Posted By: alexp1289
Date Posted: November 12, 2019 at 9:20 PM
No, I was just trying to ask a question to clarify that because that's what I thought as well. I didn't think I needed the high current harness looking at this guide. So my application doesn't need a high current harness basically. I'm just trying to get clarification on this from somebody that knows more than this than I do because my last car needed a high current harness and I used a Viper remote start, not an idata kit. Also do I need to drill a hole for the ground wire in something metal on the car or is there someplace that I can ground the DC3 brain to without having to drill a hole any ideas on what I could use for a ground if I have to drill a hole I will but I'd rather not.
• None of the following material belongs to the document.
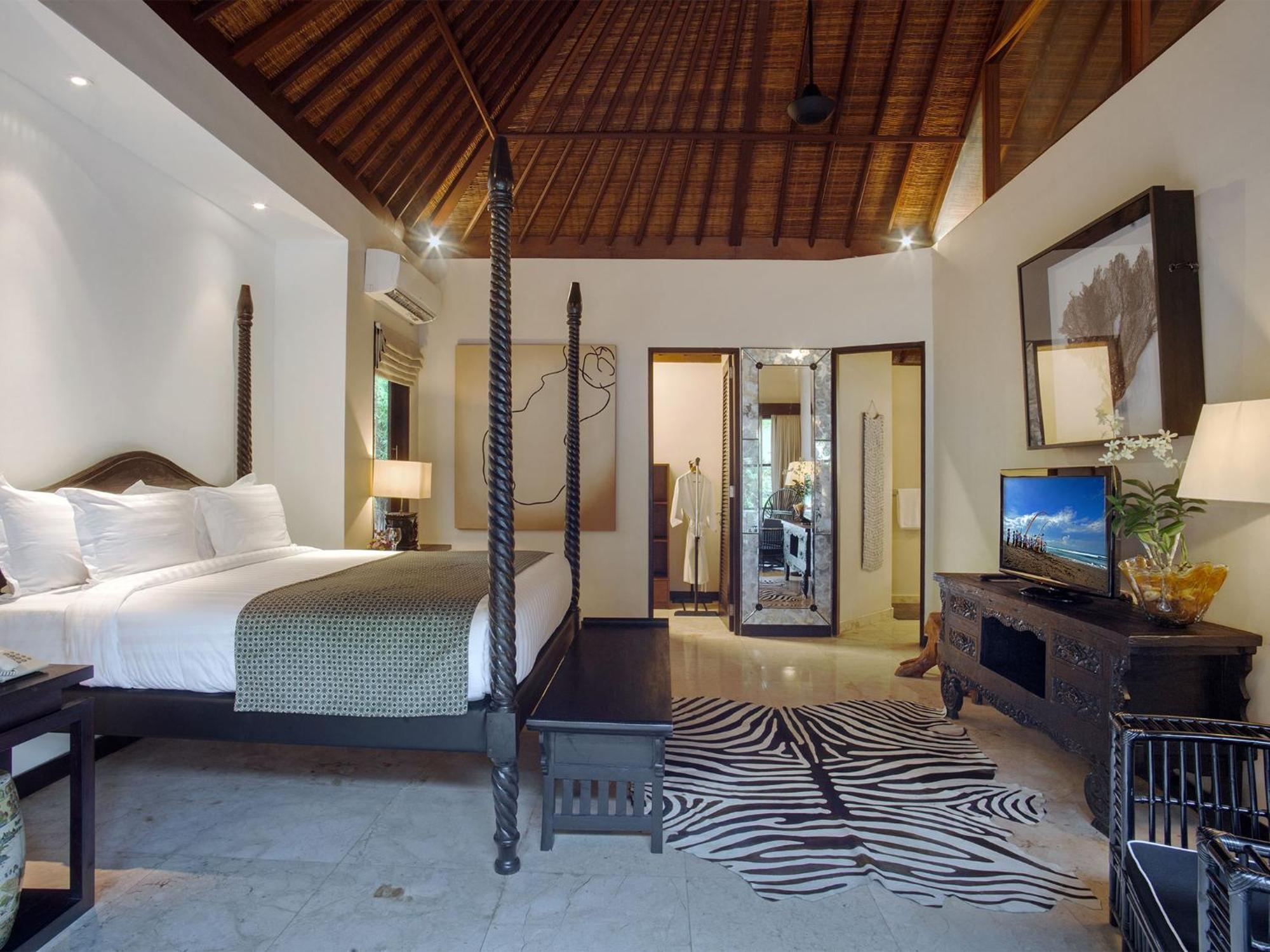 Villa Avalon - CHSE Certified Canggu Exterior foto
Also one other question. The guide says to cut the green/white wire at the BCM that's for immobilizer data and attach the white/black wire to it for the immobilizer data vehicle side (DC3-M5 socket) wire on the DC3 brain and then connect the other side of the cut wire at the BCM to the white/red wire to the immobilizer data connector side. When the guide specifies vehicle side they're talking about the wire coming out of the BCM and when they specify the connector side they mean that same wire except since ill be cutting it they want me to connect to the side of the wire that goes away from the BCM to the connector. Correct? That's how I'm interpreting that. I wanted to make sure my interpretation of that was correct.




Posted By: kreg357
Date Posted: November 13, 2019 at 2:52 AM
For the R/S Chassis Ground connection you want a very "solid" ground. Obviously the best
choice would be with a soldered on terminal lug connected to the (-) battery terminal. That
is typically overkill. If you look around for a convenient location under the dash, near
where the R/S unit will be placed, you can usually find a Factory ground point where
several factory wires are bolted to the frame of the vehicle. You could use that connection
point with a soldered on terminal lug on the R/S ground wire. Basically any solid frame
location will work, I try not to drill holes in the customers cars but there are times
when it's necessary. Usually there is a shiny 3' diameter pipe under the dash across the
vehicle that is a solid ground point. You could drill a holes in this pipe and then use a
self-tapping screw to secure the R/S ground wire ( with a soldered on terminal lug ).
Last choice is to find a convenient location in the firewall or kick panel, use a wire
brush to remove the paint and then a self-tapping screw through the soldered on terminal
lug of the R/S's ground wire. Just ensure there is nothing on the other side of the metal
panel that the self-tapping screw will hit. Here are some ground location photos :

posted_image

posted_image

For the cut Green/White Immobilizer Data wire, just follow the guide. You're over-thinking
this install. The "vehicle side" and the "connector side" are exactly what they mean. On
the Install Diagram, if you drew in a Green/White wire from Pin 2 of the illustrated
connector, through the "IMMOBILIZER (DATA) GREEN/WHITE OR GREEN/PURPLE- 02" description
to the cut wire diagram, that is exactly how you want to make the connections. The DC3's
Green and White/Red wires get soldered on to the cut Green/White wire going to the
BCM Green connector. The DC3's White/Black wire gets soldered on to the side of the
cut Green/White wire going somewhere into the vehicle ( sometimes called the "away side").
Additionally, I always join those two DC3 immobilizer "connector side" wires near the
DC3 and just continue one wire to the cut wire connection point. Makes things neater
and electrically / logically, it's the same.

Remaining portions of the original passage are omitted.